(Goal of the exercise) Among the entries below, which lines run from the line with "Volkswagen T-Roc 1.5" through the line with "Mobil Nissan Grand Livina 2013"? Retype those, both ends included, exactly and without pictures.

== == ==

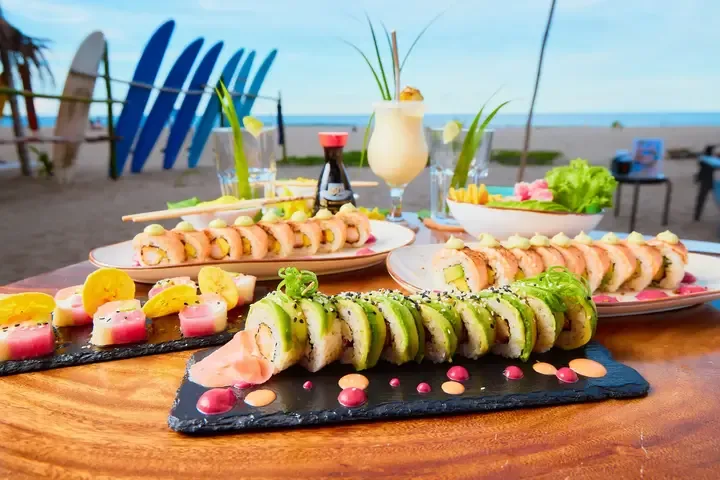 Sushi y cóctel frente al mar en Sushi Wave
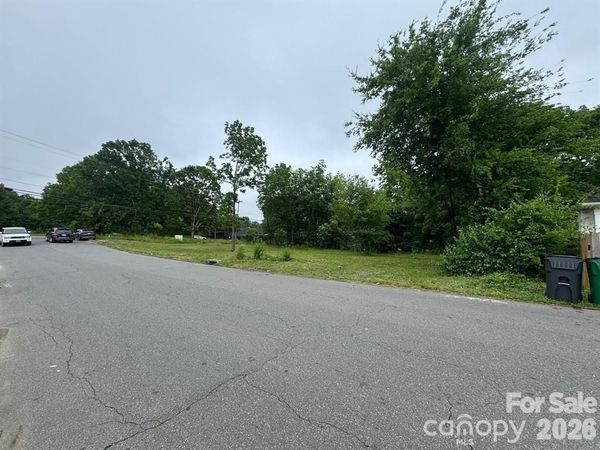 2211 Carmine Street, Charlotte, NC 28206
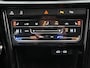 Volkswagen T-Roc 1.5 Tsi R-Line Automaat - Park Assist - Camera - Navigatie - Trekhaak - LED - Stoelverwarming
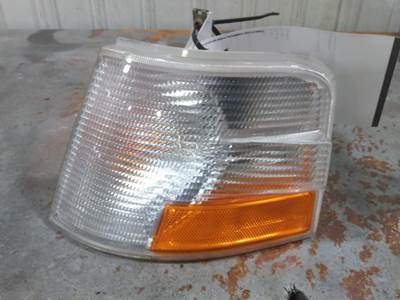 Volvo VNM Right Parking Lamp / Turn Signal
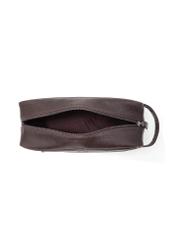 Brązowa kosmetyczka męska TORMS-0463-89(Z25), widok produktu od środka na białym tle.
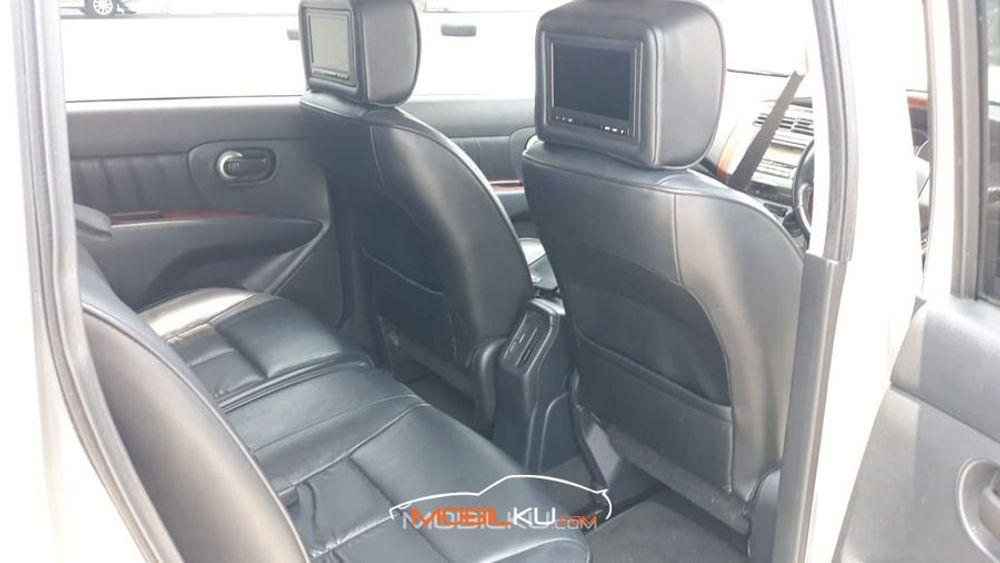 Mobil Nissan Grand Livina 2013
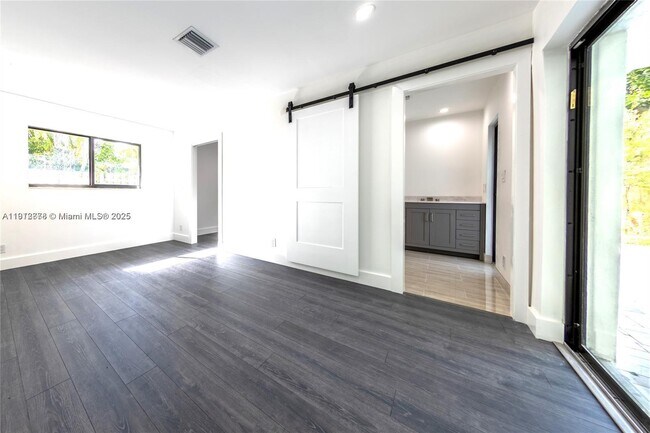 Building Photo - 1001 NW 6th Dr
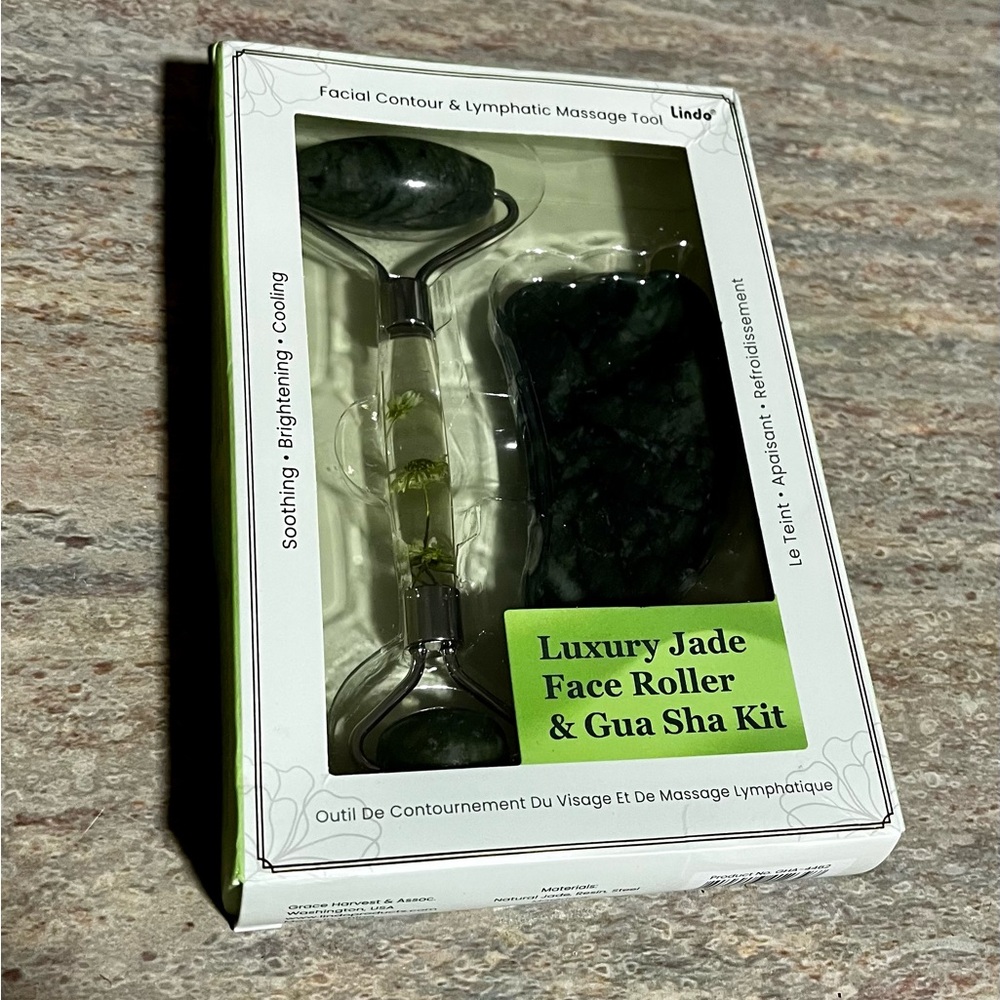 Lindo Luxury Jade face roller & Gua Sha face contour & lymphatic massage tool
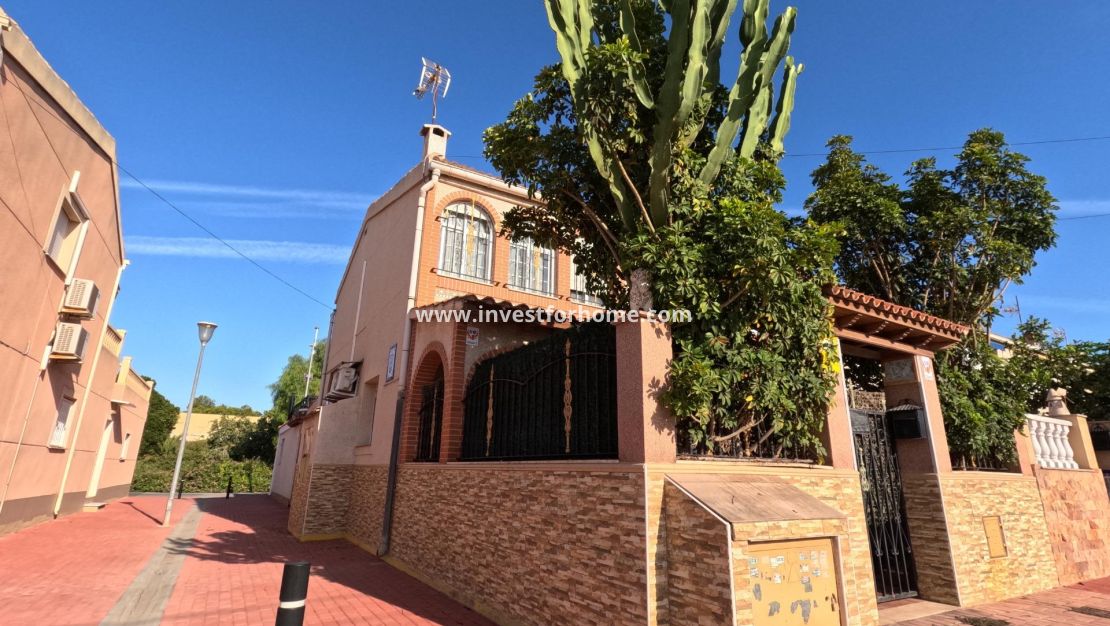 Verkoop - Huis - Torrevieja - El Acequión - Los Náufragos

== == ==

(Task answer)
 Volkswagen T-Roc 1.5 Tsi R-Line Automaat - Park Assist - Camera - Navigatie - Trekhaak - LED - Stoelverwarming
 Volvo VNM Right Parking Lamp / Turn Signal
 Brązowa kosmetyczka męska TORMS-0463-89(Z25), widok produktu od środka na białym tle.
 Mobil Nissan Grand Livina 2013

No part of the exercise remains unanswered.